I vividly remember the first time I got paid to do stand-up comedy or my impression of stand-up comedy. I got a call from “Dr. K,” the marketing professor/rocker had who asked me to do a few minutes of stand-up in between a night of cover bands, asking if I could swing by “The Brewery” to pick up my “cut.”
The reason I wasn’t paid after the show – the standard way bar performers are paid – was quite simple: I didn’t make it to the end of the show. During one of my bits – a long, jokeless atrocity, in which I imagined myself having sex with some of the nuns I’d encountered during my time in Catholic school – my microphone was turned off and Dr. K. politely, but sternly, asked me to slip out of the venue before I was hurt.
When Dr. K handed me an envelope containing $17, it was easily the most satisfying payment I’d ever received. I had gotten paid to make people laugh or, more accurately, I had gotten paid for trying to make people laugh. Being paid for making people laugh felt like I was getting away with something – the way I’d felt as a kid after sneaking back into my parent’s house undetected after a night of neighborhood pool-hopping.
While the novelty isn’t quite the same today, every time I get paid to write a funny essay or tell jokes in front of strangers, a part of me still feels like the kid counting the bills in Dr. K’s envelope.
As refreshing as this mindset is, it can also be dangerous. Because the writing and the performing doesn’t feel like work, it’s easy for me to accept less-than-adequate pay or, worse, do something for the opportunity and experience it provides – “I can’t afford to pay you, but think about what a great opportunity it’ll be to not only work with Chris Farley’s brother but also to drive him around all weekend! Who knows, this could be your big break.”
Comedy isn’t a full-time job for me, but it isn’t a hobby, either. A nice chunk of monthly income comes from the various writing gigs and stand-up performances I cobble together. Because I have no immediate plans to stop, I need to increase the monthly income comedy provides to justify doing it. That’s only fair. I can’t justify working an entire weekend in Poughkeepsie for $200 or spending five hours a week writing unpaid posts for a friend’s “almost profitable” comedy website.
I have a 14-month-old daughter and a son on the way. Money matters now. It matters a lot.
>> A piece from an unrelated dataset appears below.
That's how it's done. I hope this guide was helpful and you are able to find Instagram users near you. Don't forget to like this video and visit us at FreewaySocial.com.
Pre-children, I never prepared for the myriad emergency situations that could’ve put me in dire financial straits, and I sure as hell never worried about them.
Now I spend a decent chunk of time playing out highly unlikely scenarios that could ruin my family — If my wife and I both lose our jobs within the same month, get into separate car accidents that were both our fault, have our house destroyed by a tornado and fall victim to a sophisticated IRS phishing scheme, would we still be OK?
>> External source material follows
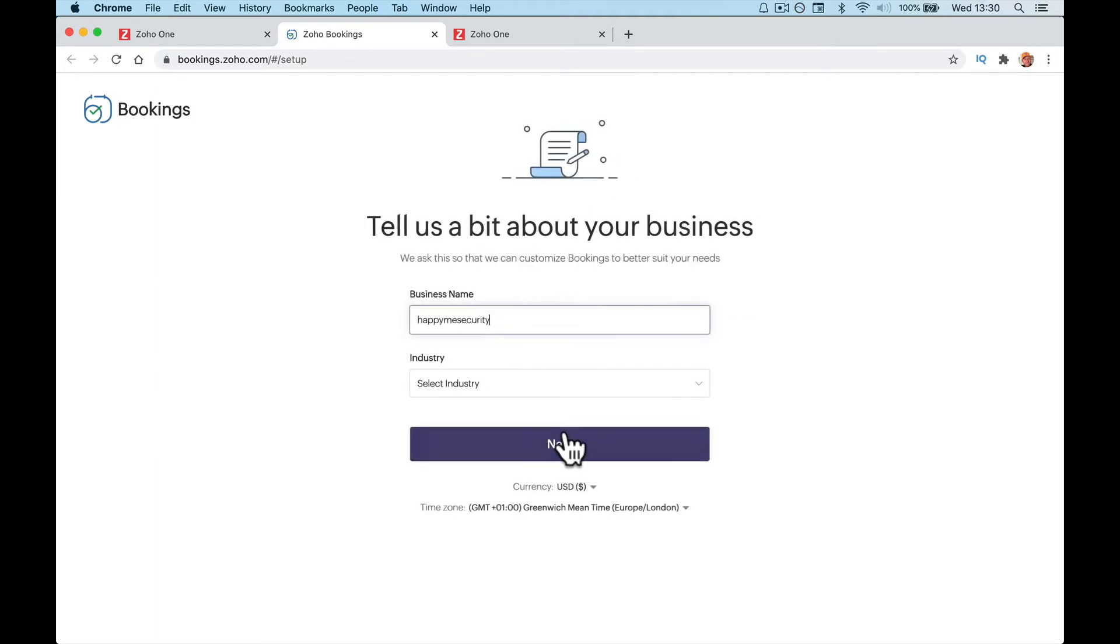Get started. Company name, type in your company name.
Of course, I could make my own situation less difficult. I could give up the comedy, focus on furthering a more stable (i.e., lucrative) career and free up a whole lot of time in the process, but I don’t think I should do that. My situation is far from unique. There are countless parents out there doing the very same thing: Struggling to balance their own quest for personal fulfillment with the 24/7 responsibility of being a good mom or dad.
By nature, parenting adds a certain gravity to every aspect of your life. It forces you to balance a variety of tremendous weights in a seemingly impossible manner, like the African women in National Geographic with the giant stacks of objects on their heads.
I should never have to give up doing what I love if I can rewire my brain to rethink how I do it. That means always asking “How much does it pay?” instead of “Does it pay?” or telling asshole comedy club bookers, “I’m sorry, but you’ll have to find someone else to babysit Chris Farley’s brother.”